On 06/13/2016 12:43 AM, Kate wrote:
I'm wondering if we could collect a bunch of Tor volunteers at the Seattle office and get a pizza and send out a bunch at the same time?
Willing to do about 100 here, but that involves shipping them here. However, I am more than willing.
At the moment it's not about a one-time action, and it's not about the actual process of sending them either.
Like I said dozens of times, it is about _reacting_ to the mails that come in. I do not understand what is so hard about sending people a friendly auto-reply, letting them know that their emails have in fact arrived, that this is a volunteer activity, and that we will eventually get back to them and get them a shirt. That's all that most people demand. It could also be stated on the website. Which by the way still refers to Tor Weather, which is defunct and offline. https://www.torproject.org/getinvolved/tshirt.html
It is really tiring to explain this over and over again whenever someone asks: Yes, it's a volunteer thing, yes, someone will eventually answer your mail, it is not going to a black hole, yes, Tor Weather is dead and yes, we know about it but still nobody bothered to update the references.

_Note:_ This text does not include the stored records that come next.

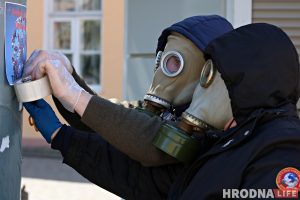 "Хочаш здохнуць?!" У Гродне актывісты расклеілі правакацыйныя ўлёткі пра каранавірус "Хочаш здохнуць?!" У Гродне актывісты расклеілі правакацыйныя ўлёткі пра каранавірус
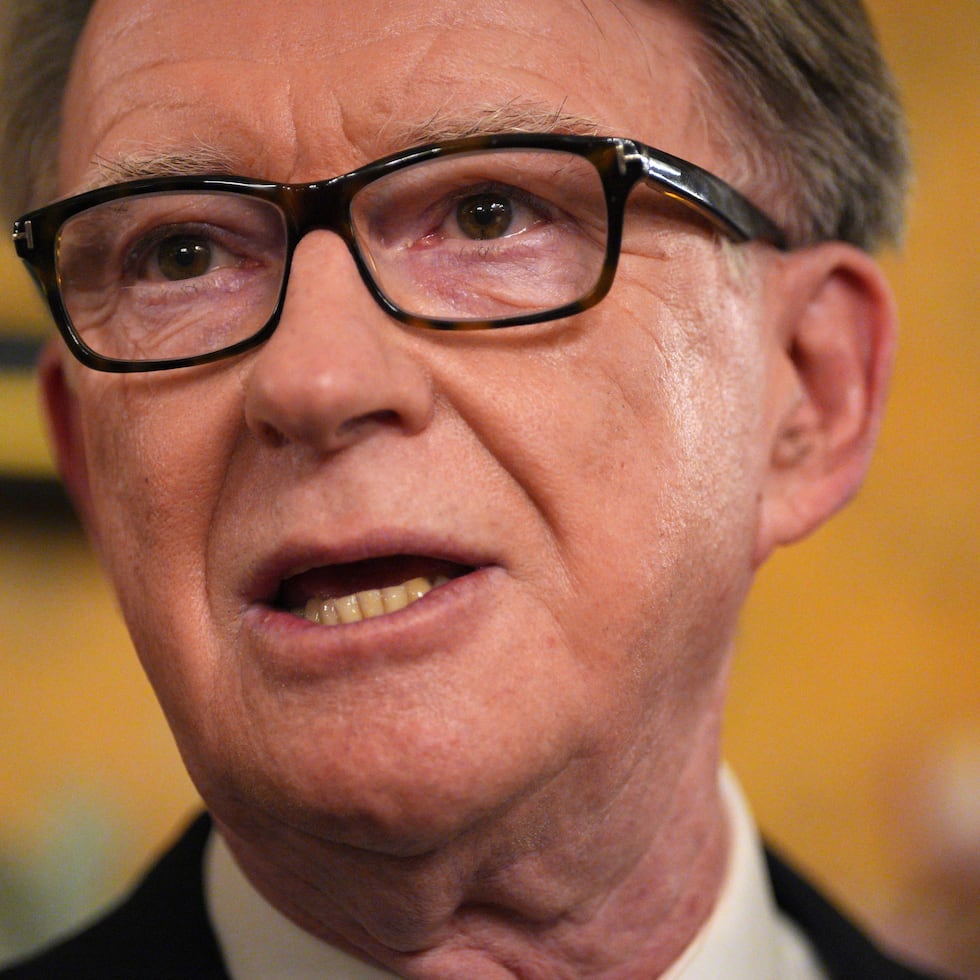 El exembajador del Reino Unido en Washington, Peter Mandelson, se vio obligado a dimitir como miembro de los Lores por su amistad con el difunto delincuente sexual.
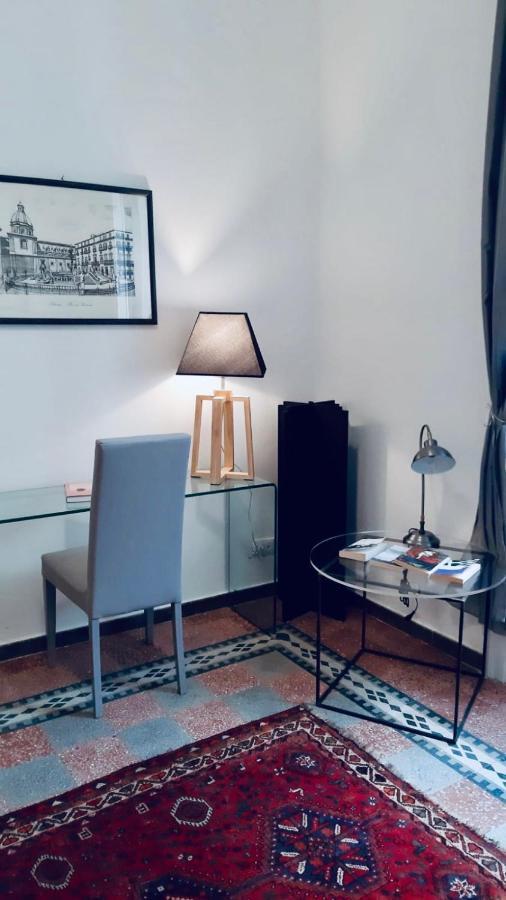 باليرمو B&B Charme Centre-Ville Artistic & Literary Rooms المظهر الخارجي الصورة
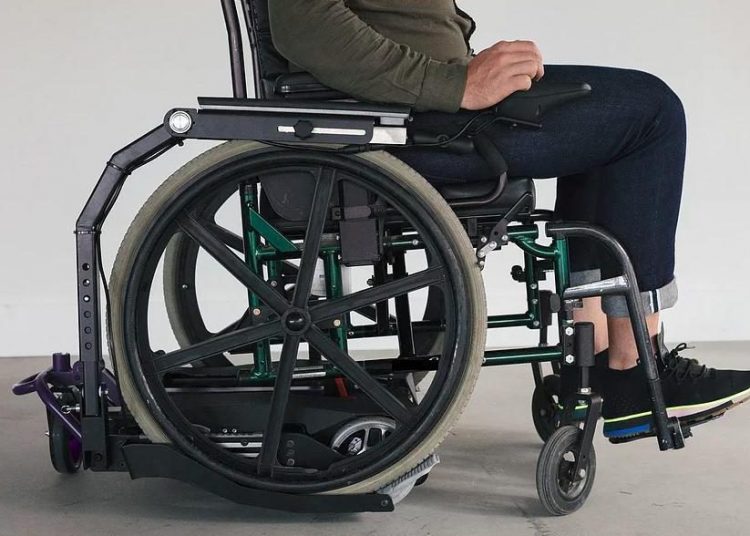 Cómo defenderte de un hombre armado en silla de ruedas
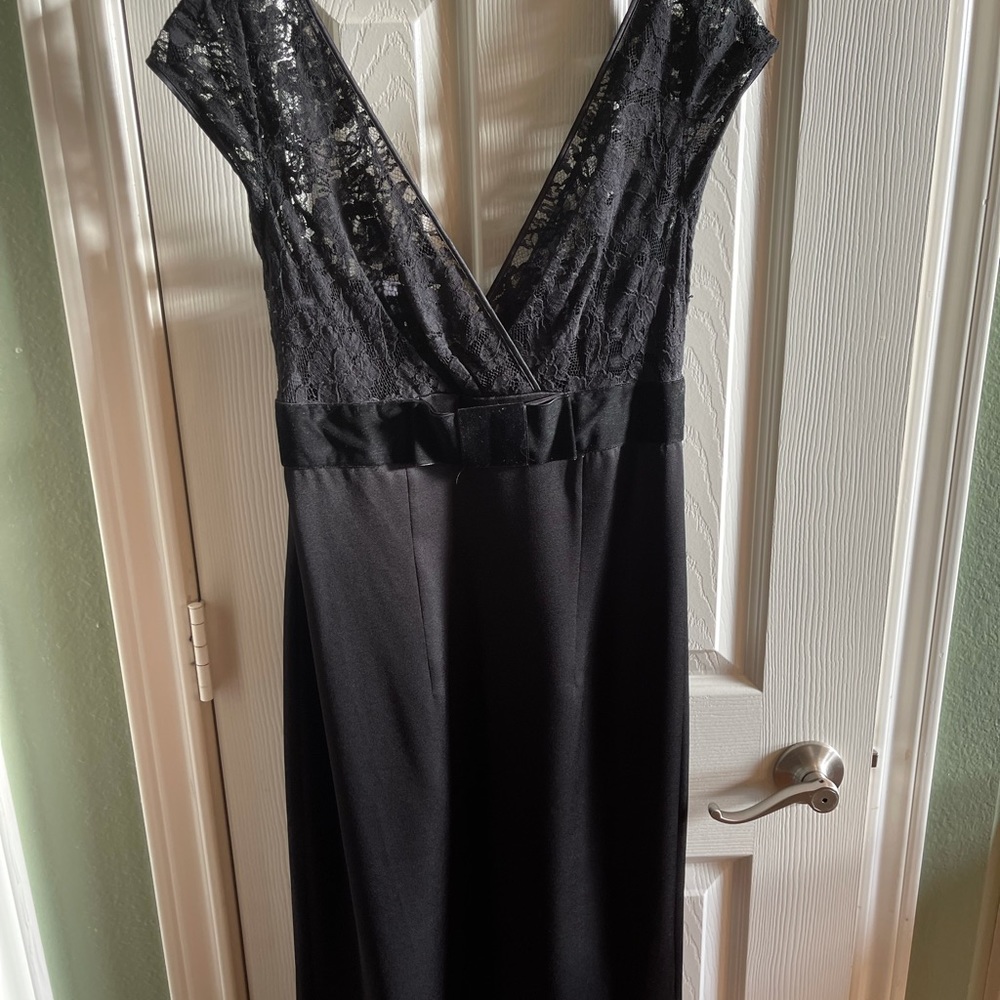Black Banana Republic cocktail dress. Size 2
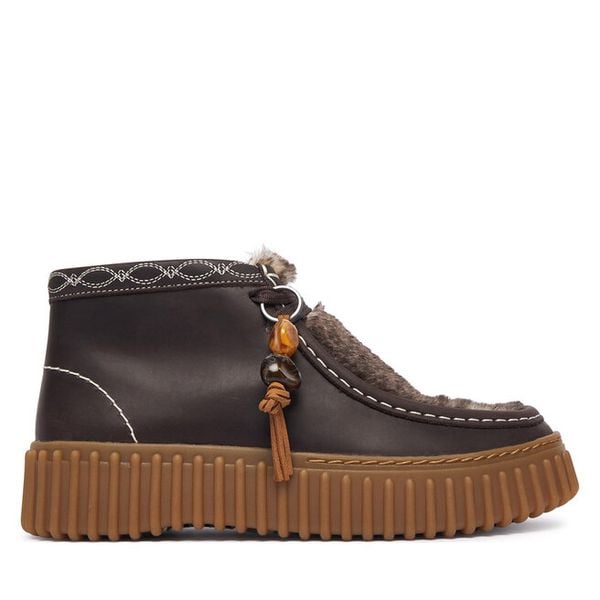 Trzewiki Clarks. Brązowe botki damskie Clarks, bez obcasa, na płaskiej podeszwie, bez zapięcia. Za 466.99 zł.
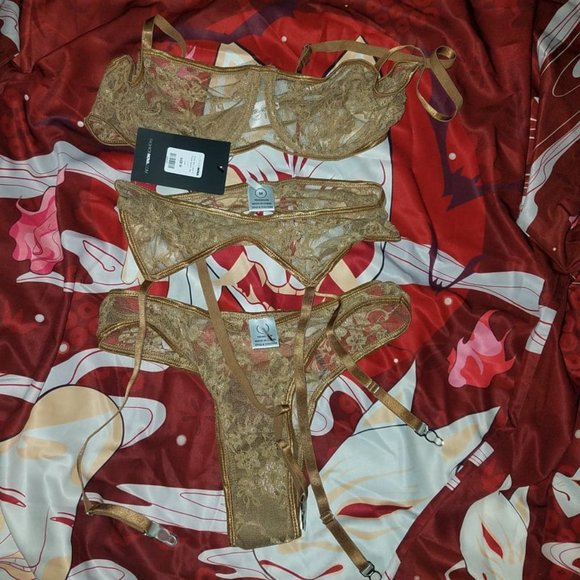 Fashion Nova 4 pc lingerie garter set S and M in nude - Picture 9 of 9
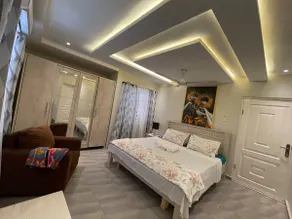 Comfortable 2-Bed Flat - Image 2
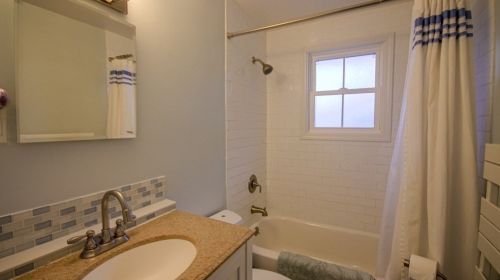 110 Farwell St, Newton MA 02460-1051 exterior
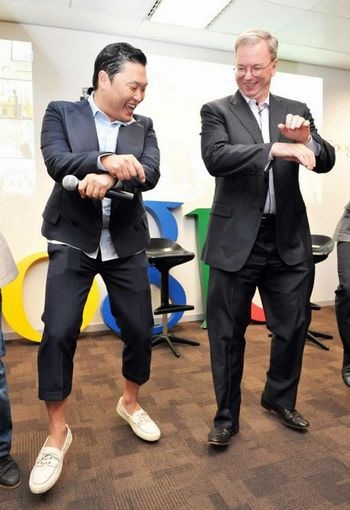 Eric Schmidt và ca sĩ PSY cùng nhau “nhảy ngựa”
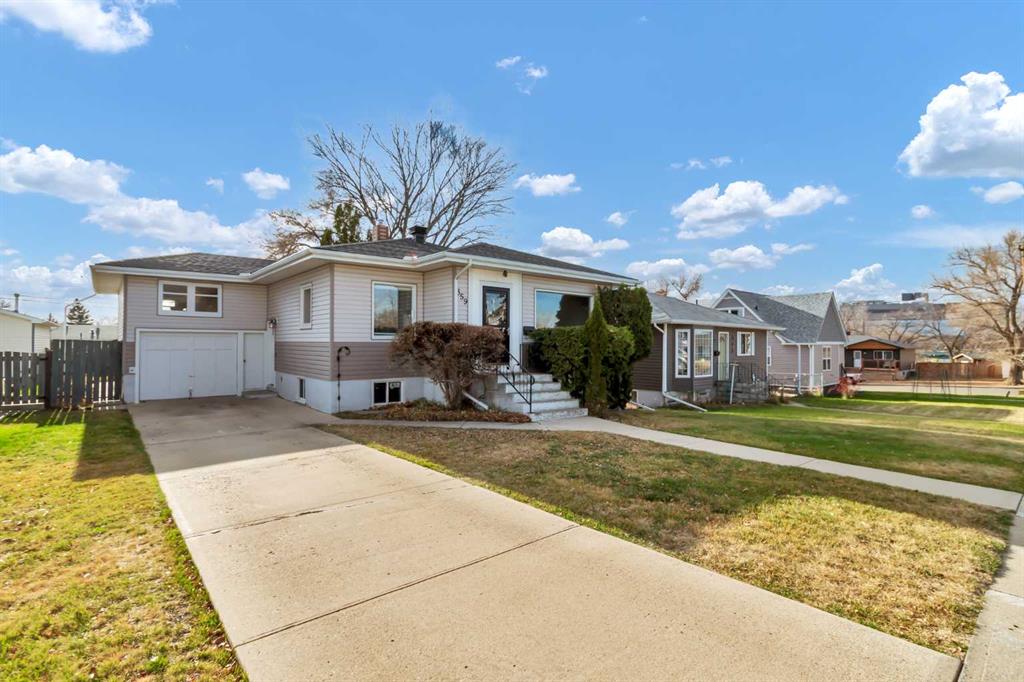 Picture for 359 3 Street SW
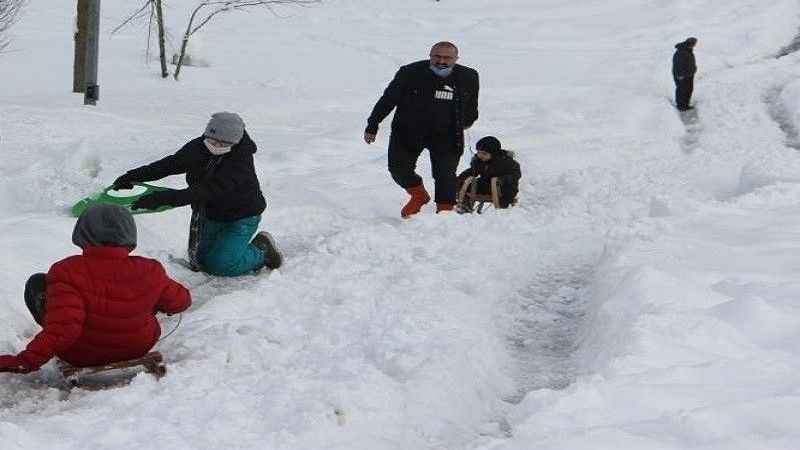 Karabük'te 2 ilçede eğitime kar engeli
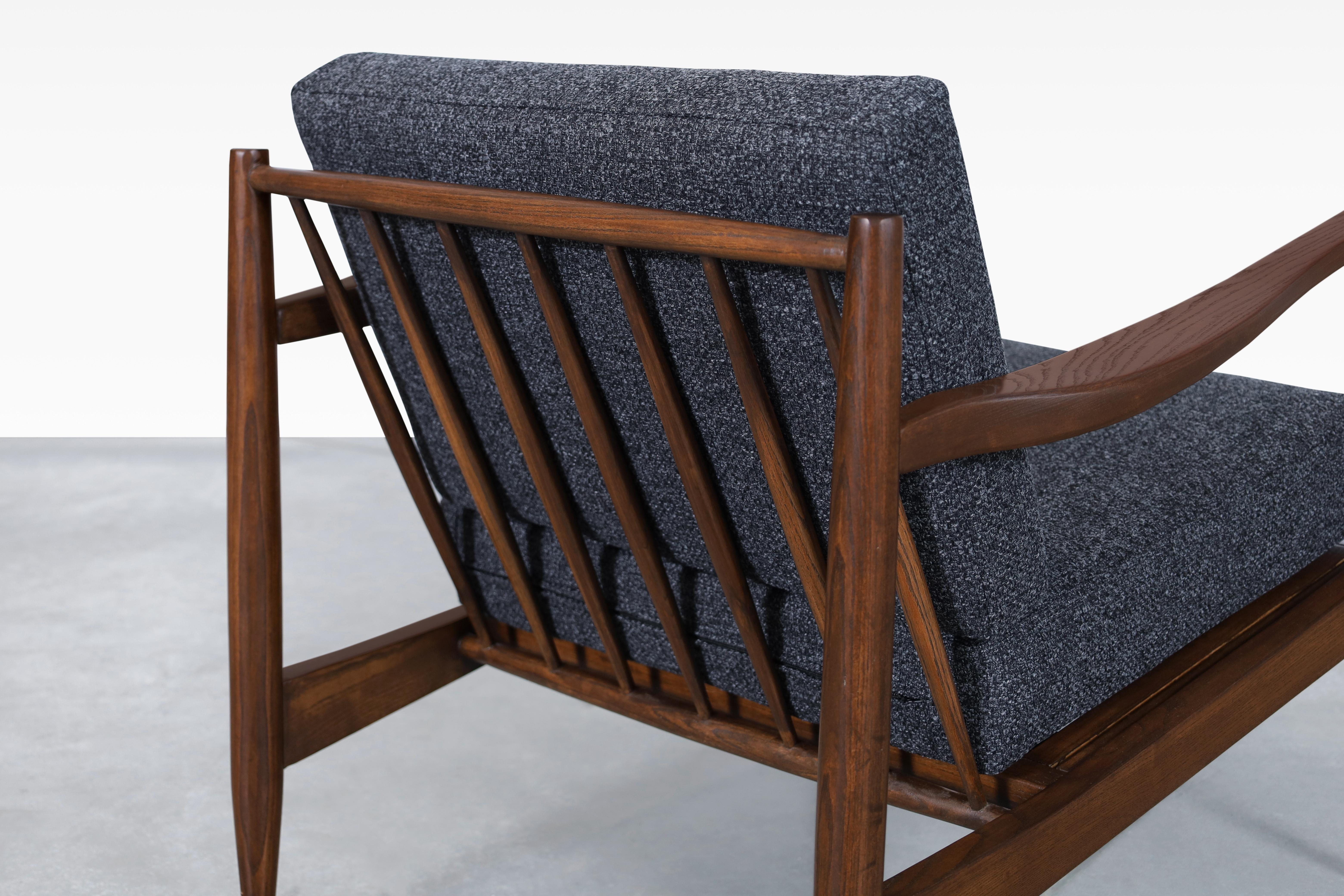 Mid-Century Modern Walnut Lounge Chairs 5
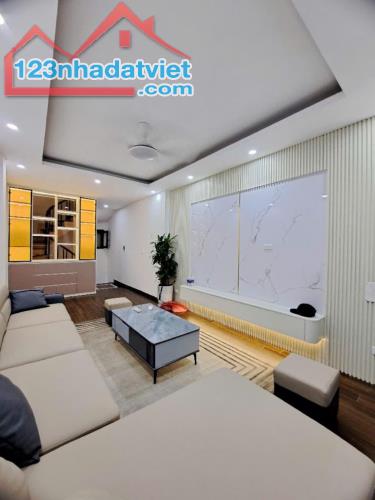 BÁN NHÀ ĐAỊ TỪ - HOÀNG MAI ,DT36M2 ,GIÁ HƠN 7 TỶ , FULL NỘI THẤT , OTO ĐỖ CỬA , PHÂN LÔ , - 3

And, just in case people haven't noticed, most threads on tor-relays and tor-talk do not see replies from Tor core members any more, which is a shame. That particular thread that Sebastian refers to has been there with many people wondering for way too long now without being answered. No, I'm not going to do that any more, I think this thing can be easily fixed, and all of it is not about gathering some volunteers to send out shirts. Even though I agree with that idea, and have encouraged Juris to do exactly that in the Berlin space. It has not happened, because the problem is not "packing the shirts", the problem as I understand it is that dealing with shirt requests is a painful interaction, you need to write them back, ask for proper information like fingerprints and postal mail addresses, the people don't know which shirts are actually available, etc etc. -- the final step in the pipeline is pretty optimized by now from what I've seen. See a photo from one day of action: https://twitter.com/torservers/status/728329622740451329 All these were packed, labelled and mailed within a day. And I think that was all the shirts from the crowdfunding campaign, which did bring properly formatted postal mail addresses. The requests coming in via email do not.